It’s just as I have been saying that 55.00 that you use to make your point in fact the total package. That’s.....now follow me here;
HOURLY WAGE + INSURANCE + PENSION + ANNUITY = $55.00 per hour before overtime or bonus.
It doesn’t mean that they get paid $2,080.00 before taxes
And BTW that comes to $108,160.00 not the $92,000.00 that you pulled out of your A$$
I think that one of your heroes RDS said (I’m paraphrasing) Once you are caught in a LIE you lose all credibility.
Try this one on for size......
http://mjperry.blogspot.com/2008/12/middle-class-uaw-how-about-upper-class.html
Big D in
Friday, March 20 at 08:10 PM
Yes! You have to, have worked at WAL-MART Store #2615 in Valdosta, Georgia to OVERSTAND the sick working environment employees must face each and every day--without any real voice.
It is my belief. That every worker at Wal-Mart Stores Inc., should have an equal chance to advance up the ladder on an equal footing, which is not presently being done in many departments according to workers.
Today it was brought to my attention that workers are still being coached, and given a D-Days without merit in order to justify terminations.
Moreover, if you become sick and use your sick time you may not have a job when you return. (Workers name withheld, but available).
Wal-Mart Managers must understand that workers are adults, American Citizens, and should be treated with respect. It is Un-American to treat WORKERS as if they were in China or in some other third world nation.
Moreover as a Retired United States Armed Forces Military Veteran of the Vietnam Era. I received training in people skills, supervisory, leadership and management. And I am very much capable of recognizing a disgraceful working environment when I see one, and Wal-Mart Store #2615 is definitely such an environment.
In addition, workers cannot speak up for themselves because they are fearful of terminations----as so many other outstanding workers.
Why do I use the term workers instead of associates?

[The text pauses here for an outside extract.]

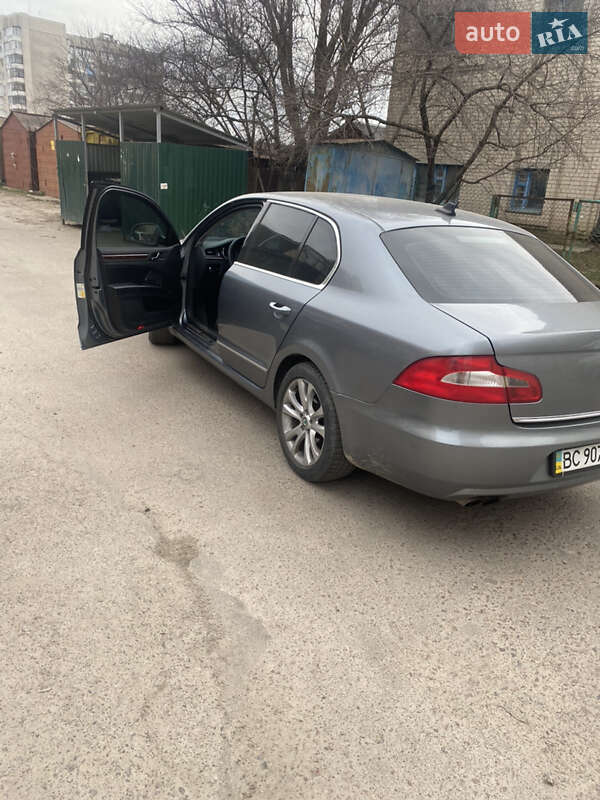 Лифтбек Skoda Superb 2008 в Ровно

Because Wal-Mart WORKERS are NOT presently being treated as ASSOCIATES, as defined in Webster’s Dictionary.
Even more sickening is why CUSTOMERS, and former WORKERS continue supporting the ill treatment of American Workers in the State of Georgia in the 21st Century at Wal-Mart Store #2615.
It seems that Wal-Mart Store #2615 and the State of Georgia EMPLOYEES need a union ASAP. And as a person of conscious, my heart grieves when Wal-Mart WORKERS consistently tell me about Wal-Mart’s “OPEN DOOR POLICY.”

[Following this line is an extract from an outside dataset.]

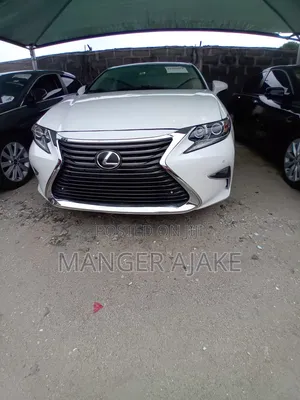 Lexus ES 2013 White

This is a door that LOOKS like, TASTE like, FEELS like, SOUNDS like, SMELLS like the real thing, (An OPEN DOOR). But when workers try walking through this open door. They find themselves getting UP, off the floor after running into---invisible Plexiglas. Then out the door they go. How Sad?
But then again who cares? Surely, not Georgia Elected Officials who seem to have sold Georgia Workers down the drain, under Georgia’s unfair “At Will Employment Law.”

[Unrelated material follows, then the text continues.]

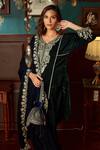 Buy_Priyanka Jain_Green Velvet Lining Shantoon Aari Work And Sequin V Neck Embroidered Kurta Set _Online_at_Aza_Fashions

A law wherein workers can be fired “for cause, or for no cause at all,” and employers are NOT even required to inform workers why they were fired.
This law also applies to returning United States Military Veterans from the Iraq and Afghanistan War. Yet Georgia politicians continue to tell the American Citizens, that they support our troops. How sad?
It is up to the VOTERS to remove politicians from office, that keep Georgia’s sick “At Will Employment Law” alive in our nation, and in the State of Georgia.
So please spread the word by writing letters, e-mails, and inform all Americans to educate themselves concerning the “At Will Employment Law.”
Together we stand-----and divided they win, again, and again, and again! G.B.R.
Also: Google: George boston rhynes and Wal-mart Store #2615
No workers rights in Georgia and Workers need help! Please help the workers.....
George Boston Rhynes in Valdosta, Georgia 31605
Friday, March 20 at 08:50 PM
Pam-
$30/hr for 48/hr week. (Six days 8 hours)
30*40=1200
45*8=360
1560wk*52weeks=81120
for a 50 hour week
30*40=1200
45*10= 450
1650*52=85800
add bounuses on to that and you are at your 92,000 figure
The figure will grow if they work any Sunday as that would be double time.
How many shutdowns did they work and for how many hours? Were they 12 or 14 hour shifts for 2-3 weeks.
84-96 hours a week for 2-3 weeks is a gold mine. I know when us electricians go on the shutdowns those are the hours we get. If it is a night shift is it a 17% premium like we get. I am sure it is as good if not better.
Lets do the math
$30*40=$1200
$45*28=$1260
$60*16=$ 960
total for working 7 12 hour days is 3420 good weeks work.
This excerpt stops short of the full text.